EVERY seat for every performance has sold.

Pitman fans are packed into unfamiliar nooks and crannies as Lee Hall’s latest masterpiece returns to the region after two years of coalfired success. It has conquered audiences at Live Theatre, the National (where it will return) and has Broadway beckoning.

This comedic gem, hewn from the lives of ordinary Ashington miners, grabs hearts and minds because it dangles the prospect of even the humblest corner of society moving within a brushstroke of the artistic elite.

Based on the true events recorded in William Feaver’s book, Hall’s creative genius is to imbue life into five men on a Woodhorn Colliery WEA art appreciation course run by Newcastle master of painting Robert Lyon (a beautiful study of class bewilderment from Ian Kelly).

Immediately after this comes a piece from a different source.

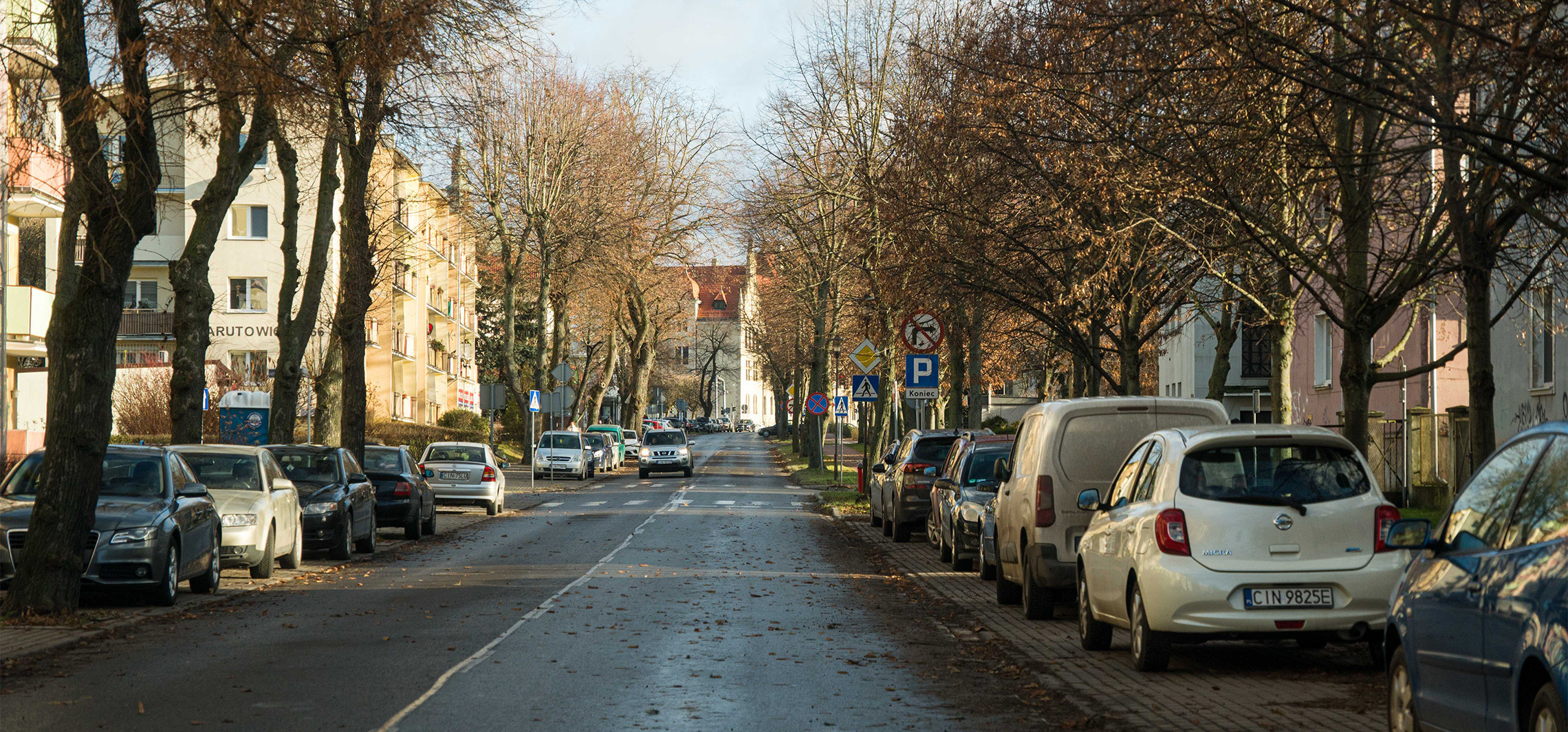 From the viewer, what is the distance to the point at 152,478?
1505 cm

The rest of the cast are the North-East’s finest enjoying a well-deserved spell in the spotlight. Deka Walmsley is the hilarious “rules is rules” WEA organister, Michael Hodgson blasts out a monumental monologue as the Marxist Harry Wilson, Brian Lonsdale is disturbingly familiar as the desperate-for-work Young Lad, and Lisa McGrillis provokes near apoplexy from the miners as Susan Parks, the student persuaded by Lyon to turn up and undress for a life study class.

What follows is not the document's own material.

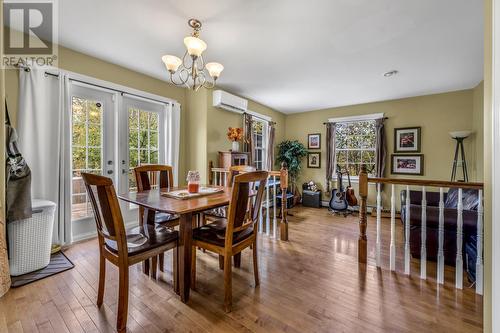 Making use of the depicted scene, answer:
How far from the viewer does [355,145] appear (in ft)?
16.9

Christopher Connel continues to shine as the group’s most talented artist, Oliver Kilbourn, and there is touching realism as he debates giving up mining for a stipend from wealthy art collector Helen Sutherland (played by Phillippa Wilson).

But it’s David Whitaker, as ultra-dense Jimmy Floyd, who regularly steals scenes with a string of glorious gags. The Geordie accent adds to the hilarity when he’s asked if the flowers he’s painted are peonies, bringing the reply that there weren’t any ponies in the picture.

Director Max Roberts’ fastpaced masterpiece develops even greater visual imagery in the second half as harsh reality finally tramples the dreams of these sons of toil. But what a beacon of hope this is for North-East aspirations right up to the final curtain.